1.3. De interne markt en het effect op de besluitvorming van bedrijven


De verschillende behandeling van grensoverschrijdende verliezen door de lidstaten heeft gevolgen voor de werking van de interne markt. De wijze waarop grensoverschrijdende verliesverrekening is geregeld, is niet zonder invloed op bedrijven als het erom gaat te besluiten of, en zo ja, hoe zij een nieuwe markt betreden. De onmogelijkheid (of beperkte mogelijkheid) tot grensoverschrijdende verliesverrekening werpt een obstakel op om andere markten te betreden, waardoor de kunstmatige fragmentatie van de interne markt langs nationale lijnen verder in stand wordt gehouden.

Dit bevoordeelt ondernemingen in grote lidstaten, die op hun binnenlandse markt grotere voordelen van schaal en omvang kunnen realiseren, ten opzichte van mogelijke concurrenten uit kleinere lidstaten, ook als deze innoverender en efficiënter zijn. Grotere ondernemingen ontwikkelen doorgaans een grotere bedrijvigheid in verschillende lidstaten ten opzichte van kleinere ondernemingen, waardoor zij verliezen gemakkelijker kunnen opvangen. Op dezelfde manier worden lidstaten met een grotere binnenlandse markt bevoordeeld, omdat de kans groter is dat ondernemingen daar al hebben geïnvesteerd en dus verliezen uit bepaalde activiteiten kunnen verrekenen met de positieve belastinggrondslagen uit andere activiteiten. Het probleem speelt sterk bij midden- en kleinbedrijven ten aanzien van aanloopverliezen uit nieuwe investeringen in het buitenland i. Als grensoverschrijdende verliesverrekening niet of slechts gedeeltelijk mogelijk is, heeft dit dus tot gevolg dat:

- investeringen in het binnenland worden gestimuleerd en investeringen in andere lidstaten worden afgeremd;

- grensoverschrijdende investeringen in grotere lidstaten worden bevoordeeld;

- grote ondernemingen worden bevoordeeld in vergelijking met midden- en kleinbedrijven wat grensoverschrijdende investeringen betreft; en

- de keuze tussen een vaste inrichting of een dochteronderneming als ondernemingsvorm wordt beïnvloed.
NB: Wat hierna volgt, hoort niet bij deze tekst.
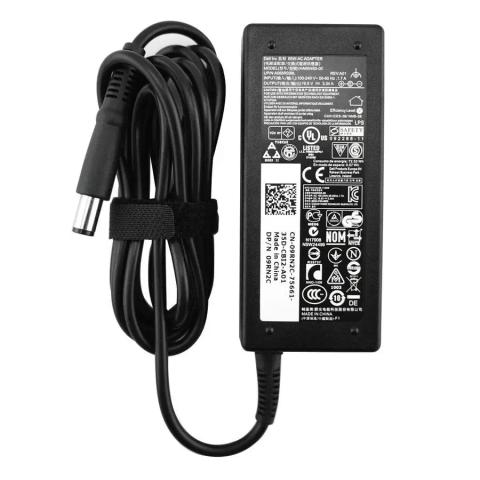 Origin Storage Dell 45W Barrel (4.5 x 3mm) AC Adapter with EU Plug OEM: CDF57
Deze verstoringen hebben een prijsverhogend effect ten nadele van bedrijven en consumenten dat gepaard gaat met welvaartsverlies. De beperkte mogelijkheid tot verliesverrekening kan weliswaar tot minder concurrentie op de markt van een lidstaat leiden, maar op de lange termijn trekken de dominerende ondernemingen toch aan het kortste eind omdat er minder druk is om te innoveren en efficiënter te werken.

6.

1.4. Grensoverschrijdende verliesverrekening en de rechtspraak van het Hof van Justitie


Het Hof heeft zich over de problematiek van de grensoverschrijdende verliesverrekening in verband met vaste inrichtingen gebogen in de zaken- Futura i en –AMID i .

In de zaak- Futura heeft het Hof de situatie bekeken vanuit het standpunt van de gaststaat van de vaste inrichting en geconcludeerd dat de voorwaartse verliesverrekening in die staat op grond van het territorialiteitsbeginsel mag worden beperkt tot het bedrag van de verliezen die economisch verband houden met aldaar verworven inkomsten.

In de zaak- AMID heeft het Hof de situatie vanuit het perspectief van de thuisstaat bekeken en geconcludeerd dat de vrijstelling van belastingheffing van de winsten van een vaste inrichting in Luxemburg krachtens het dubbelbelastingverdrag van België met dat land niet leidde tot een objectief verschil, wat verliesverrekening betreft, tussen de situatie van een Belgische vennootschap met een vaste inrichting in Luxemburg en die van een Belgische vennootschap met een vestiging (filiaal) in België[10]. Bij gebreke van rechtvaardiging achtte het Hof de verschillende behandeling van die twee vennootschappen ten aanzien van de aftrek van verliezen in strijd met de vrijheid van vestiging en derhalve niet aanvaardbaar i.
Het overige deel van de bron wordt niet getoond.